Ces actions, aussi louables que sporadiques, ne suffiront pourtant pas à sauver ce patrimoine sans volonté politique. Du côté du ministère de la Culture, Abdellah Salah, de la Direction du Patrimoine, regrette le vide juridique qui ne garantit pas de protection à ces «objets à caractère ethnographique». «La loi 22-80 devrait être révisée pour protéger ce mobilier, explique-t-il. Dans l’avenir, on pourrait établir une certaine loi pour acquérir ces portes, qui deviendraient ainsi des biens publics dans des musées». Il reconnaît toutefois qu’il est difficile de les protéger sans les retirer de leur contexte environnemental, les populations étant toujours exposées à la précarité et aux pressions des acheteurs. Un effort est, selon lui, également fourni au niveau des douanes, «en l’absence de loi, par la sensibilisation uniquement». Cela ne semble pas enrayer la donne. Dans son bazar, Hassan affirme qu’il n’a jamais eu de problèmes avec la douane. L’essentiel de sa clientèle étant installée à l’étranger, il prend la peine d’assurer sans mal les formalités d’export. Autant dire que le Maroc risque de continuer à voir ses portes séculaires disparaître dans la nature en toute impunité. On taira donc le nom des quelques villages épargnés pour, sinon les stopper, du moins freiner les convoitises.

Par Aïda Semlali

Journal Hebdo
 
Re : Patrimoine: Portées disparues

agerzam said:
«Ils sont prêts à tout pour obtenir une porte, se révolte Salima Naji, n’hésitant pas à débarquer à des dates-clés, à la veille de l’Aïd ou du mois de Ramadan». .

je vais rester polie ... parce que là ce sont des choses qui me dépassent et qui me rendent FURAX ... qui malheureusement n'ont pas epargné mon village: portes, bijoux ancestraux, lustres anciens, ouvrages, tapis anciens de grande valeur ... bradés ... certes on ne peut pas en vouloir aux villageois qui parfois n'ont pas le choix mais faut ABSOLUMENT faire quelque chose et ne pas se contenter de faire de la prévention car ça ne sert à rien quand il est question de survie.

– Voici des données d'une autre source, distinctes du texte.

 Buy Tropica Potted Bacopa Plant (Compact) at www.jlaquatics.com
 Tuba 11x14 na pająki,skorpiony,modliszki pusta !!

Les associations/coopératives ont un rôle plus que primordiale dans l'économie d'un village et donc dans la sauvegarde du patrimoine.
 
Re : Patrimoine: Portées disparues

Gerard Majax said:
je vais rester polie ... parce que là ce sont des choses qui me dépassent et qui me rendent FURAX ... qui malheureusement n'ont pas epargné mon village: portes, bijoux ancestraux, lustres anciens, ouvrages, tapis anciens de grande valeur ... bradés ... certes on ne peut pas en vouloir aux villageois qui parfois n'ont pas le choix mais faut ABSOLUMENT faire quelque chose et ne pas se contenter de faire de la prévention car ça ne sert à rien quand il est question de survie.
Gerard Majax said:
Les associations/coopératives ont un rôle plus que primordiale dans l'économie d'un village et donc dans la sauvegarde du patrimoine.


Il faudrait faire appel à Nicolas Sarkozy, parce que en dehors de lui je ne vois pas qui pourrait sauver les meubles et faire le ménage au Maroc, en nettoyant ce bazar au Kärcher.

( OK, je sors! :chut: )
 
Re : Patrimoine: Portées disparues

Nous possédons encore une vieille et grande porte dans notre maison à tamazirte (région de marrakech),je souhaite pas la voir arracher par ces criminels smasria.
Taggurt nkh raghin tghama ur tri man.